How to complete this task:
From the first line down to the one containing "Vibrant Fun Run", reproduce the entries below exactly and leave out the pictures.

Items from a dataset:
------------------------
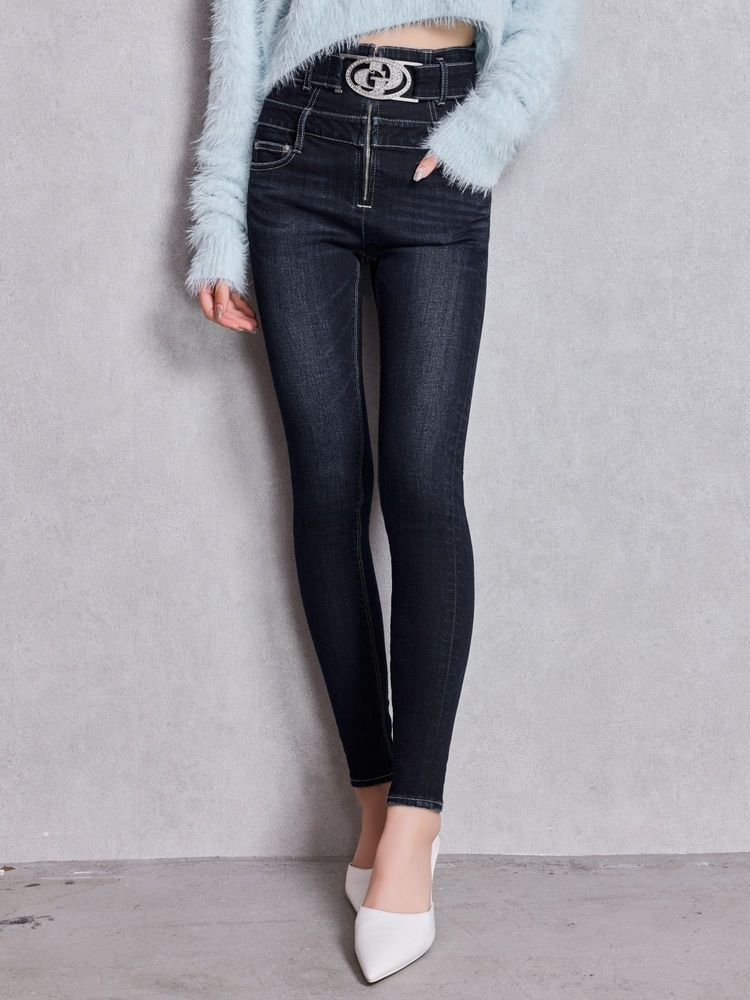 GYDA（ジェイダ） ハイウエスト GD bijou MOLDフロントZIPスキニー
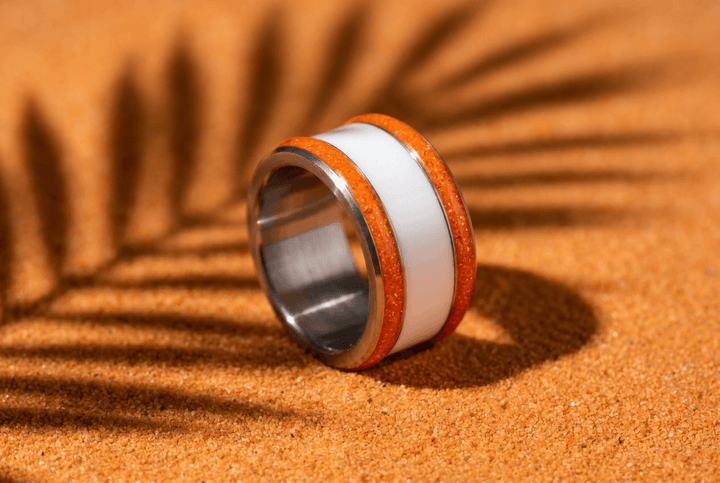 Base large "Hot Coral" en acier carrée pour bague mood interchangeable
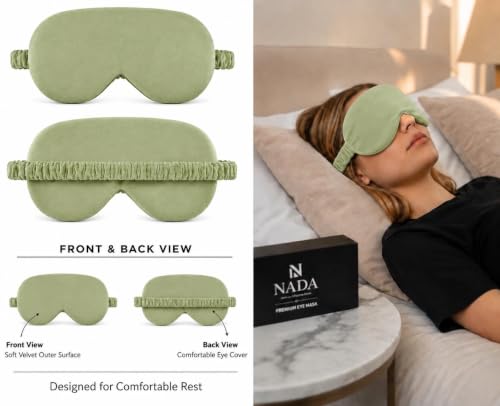 Image of Eye Mask for Sleeping for Women, Velvet Super Soft Sleep Mask Blind Fold for Comfortable Sleep, Travelling, Meditation & Relaxation, Eye Pad for Girls, Blind Fold for Sleeping - Green (Pack of 1)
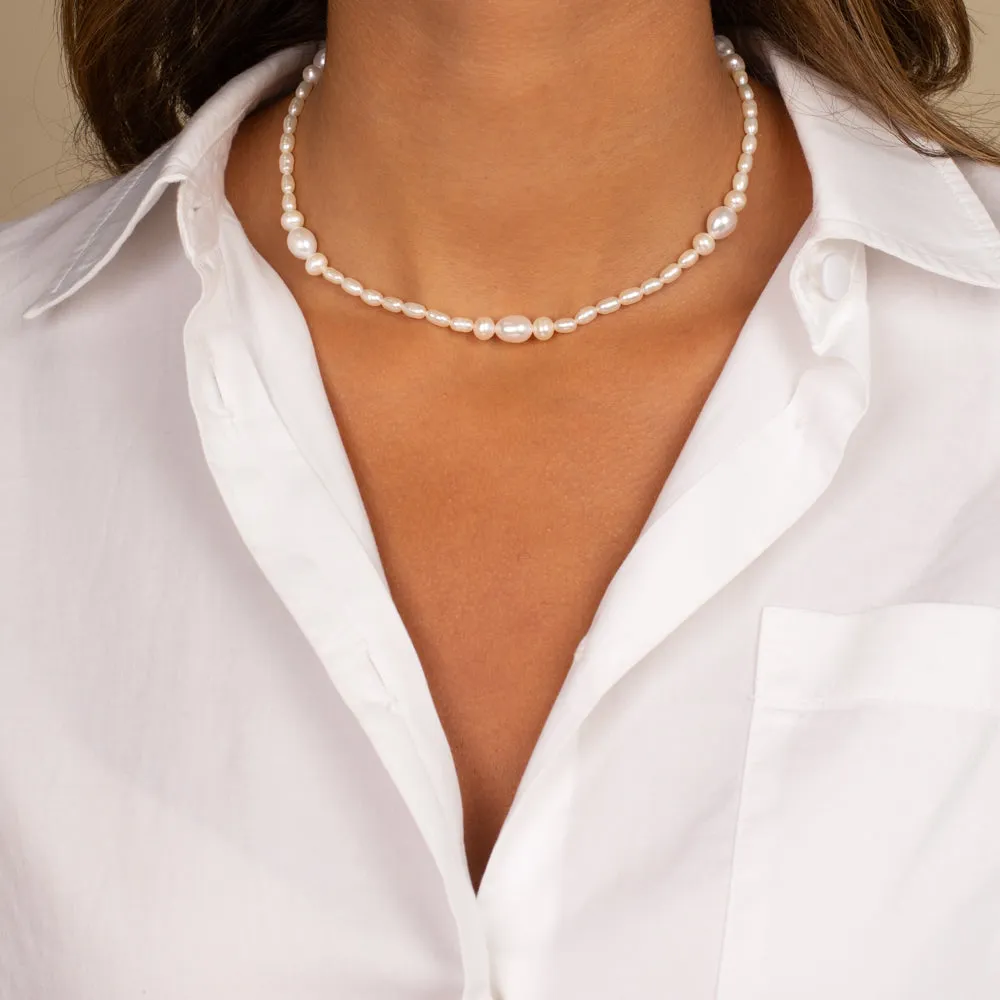 Pearl Multi Cluster Necklace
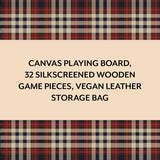 Pendleton: Red Black Check Pattern Chess & Checkers - Travel Ready Roll-Up Edition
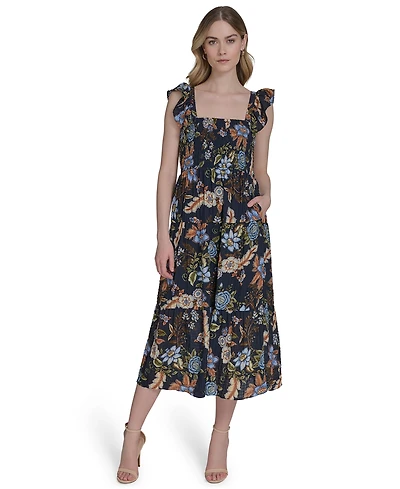 Vince Camuto Women's Sleeveless Square-Neck Midi Dress
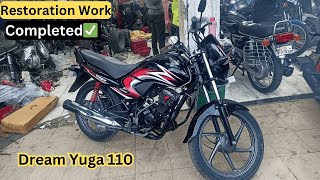 Honda Dream Yuga110 RESTORATION WORK COMPLETE✅ BY F4 CUSTOM BHOPAL [upl. by Wandy]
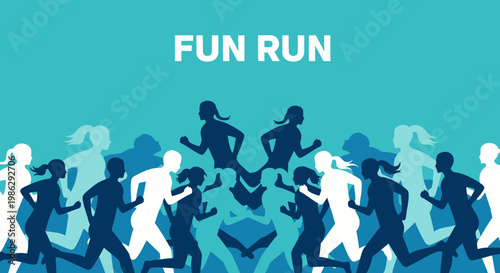 Vibrant Fun Run Illustration Featuring Runners Silhouettes Against a Teal Backdrop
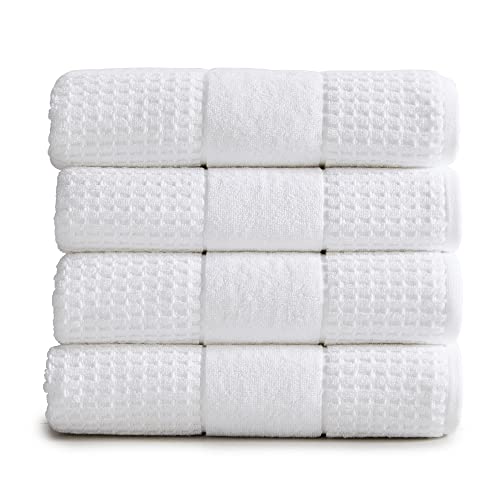 Market & Place 100% Cotton Super Soft Luxury Bath Towel Set | Quick-Dry and Highly Absorbent | Waffle Textured | 550 GSM | Includes 4 Bath Towels | Harper Collection (White) - color: White, size: Bath Towel (4-Pack)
------------------------
Completed exercise:
 GYDA（ジェイダ） ハイウエスト GD bijou MOLDフロントZIPスキニー
 Base large "Hot Coral" en acier carrée pour bague mood interchangeable
 Image of Eye Mask for Sleeping for Women, Velvet Super Soft Sleep Mask Blind Fold for Comfortable Sleep, Travelling, Meditation & Relaxation, Eye Pad for Girls, Blind Fold for Sleeping - Green (Pack of 1)
 Pearl Multi Cluster Necklace
 Pendleton: Red Black Check Pattern Chess & Checkers - Travel Ready Roll-Up Edition
 Vince Camuto Women's Sleeveless Square-Neck Midi Dress
 Honda Dream Yuga110 RESTORATION WORK COMPLETE✅ BY F4 CUSTOM BHOPAL [upl. by Wandy]
 Vibrant Fun Run Illustration Featuring Runners Silhouettes Against a Teal Backdrop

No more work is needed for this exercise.